• You can use your journal as a general record of your daily life. Or you might prefer to focus on a certain topic such as your garden or your reading or current events. You can write about your experiences, your thoughts, your memories. You can use it to collect material to use in fiction writing and poems. Some people keep notebooks next to their beds and write down their dreams.
  • There's no right or wrong way to keep a journal. The journal is for you, so you get to set the rules. Experiment, try different approaches, different kind of subject matter.
  • If you don't know what to write about, take a walk and make notes on what you observe around you: the buildings and people or the plants and birds, the weather, the look of the sky, the look of the ground (grass? wildflowers? pavement? dirt/pebbles? what color?), the sounds (cars? birds? wind? your own breath?), the smells (cut grass? car exhaust? sweat? wood smoke?), the shards and scraps that collect in the gutters. In every scene, there are an infinite number of details to notice if you pay close enough attention.
  • Another way to generate ideas: take a general theme -- let's say, Fear.
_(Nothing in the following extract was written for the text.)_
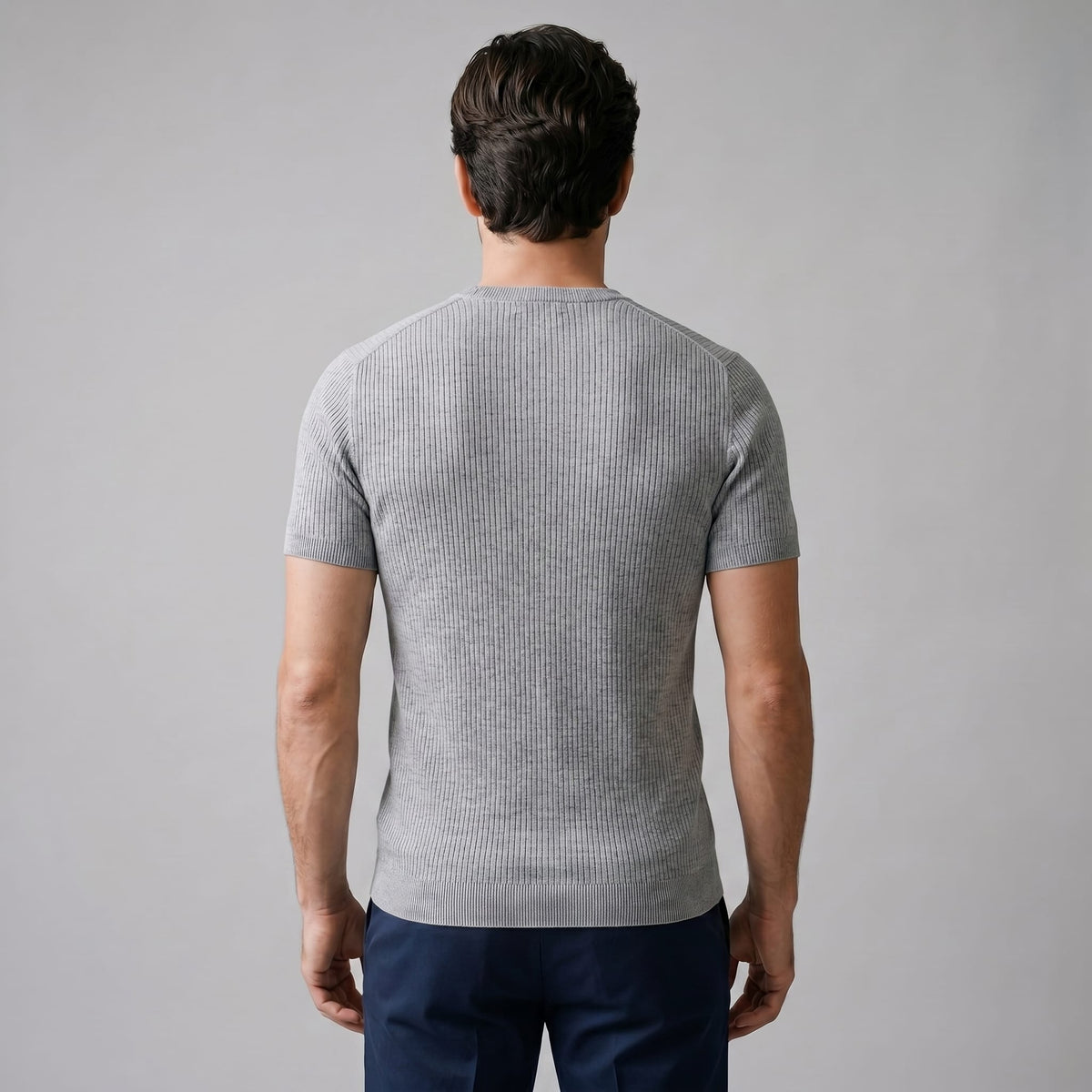 Herren Rippstrickshirt mit Rundhalsausschnitt | Helmfried_33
  • Then spend five minutes breaking that theme into subcategories; for example:
    • Things that scare me
    • Things I do when I'm afraid
    • Techniques for overcoming fear, etc.
  • If you want, you can break some of those into even smaller categories. For example, "Things that scare me" could be subdivided further:
    • Scary movies
    • My nightmares
    • Irrational fears and superstitions
    • Fear of failure
    • People I'm afraid of, etc.
  • Each item in your list is a topic that you can write about in your journal. With this system, in less than an hour, you can come up with enough writing topics for a whole year of journaling.